**WHAT IS NEEDED:**
Verbatim copy, images omitted: return the full listing.

**SOURCE MATERIAL:**
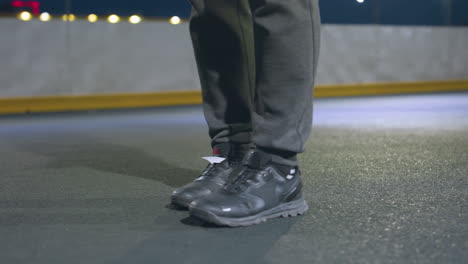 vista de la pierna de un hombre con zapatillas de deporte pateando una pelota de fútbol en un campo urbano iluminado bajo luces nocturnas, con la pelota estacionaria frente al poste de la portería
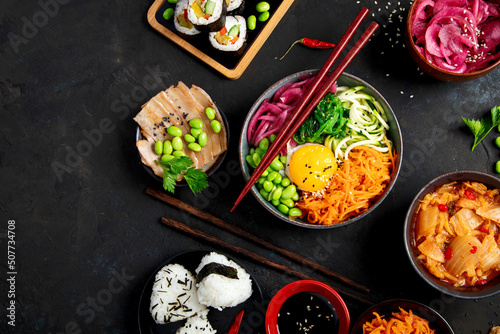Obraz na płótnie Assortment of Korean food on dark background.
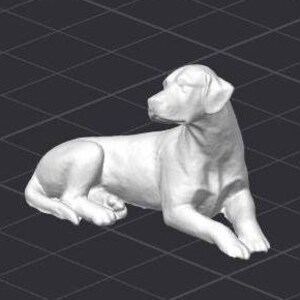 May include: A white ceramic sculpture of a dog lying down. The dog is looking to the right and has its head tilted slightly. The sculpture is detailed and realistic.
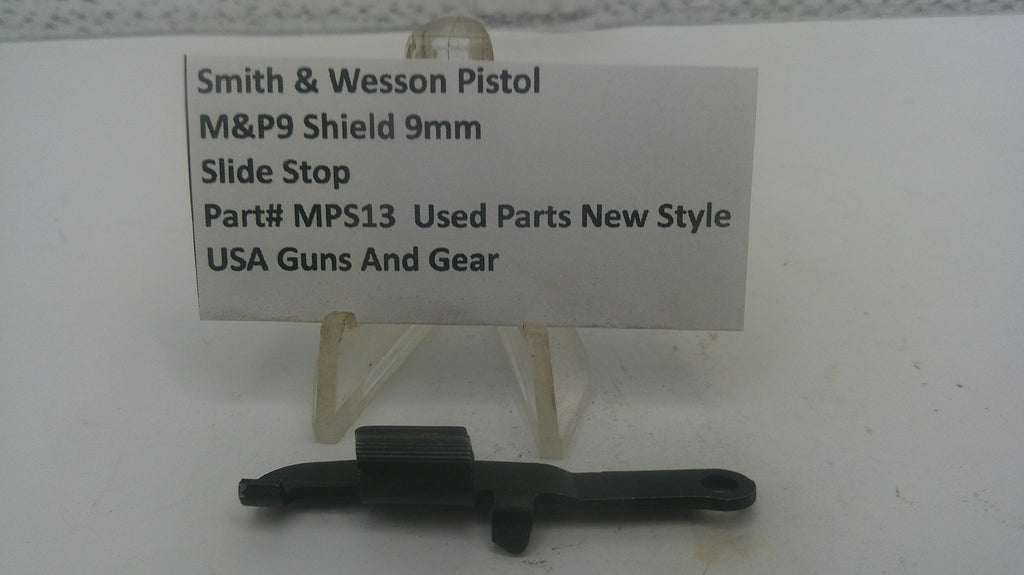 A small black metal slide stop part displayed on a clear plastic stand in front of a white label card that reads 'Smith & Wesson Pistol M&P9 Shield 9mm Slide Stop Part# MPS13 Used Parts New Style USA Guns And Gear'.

**OUTPUT OF THE TASK:**
 vista de la pierna de un hombre con zapatillas de deporte pateando una pelota de fútbol en un campo urbano iluminado bajo luces nocturnas, con la pelota estacionaria frente al poste de la portería
Obraz na płótnie Assortment of Korean food on dark background.
 May include: A white ceramic sculpture of a dog lying down. The dog is looking to the right and has its head tilted slightly. The sculpture is detailed and realistic.
 A small black metal slide stop part displayed on a clear plastic stand in front of a white label card that reads 'Smith & Wesson Pistol M&P9 Shield 9mm Slide Stop Part# MPS13 Used Parts New Style USA Guns And Gear'.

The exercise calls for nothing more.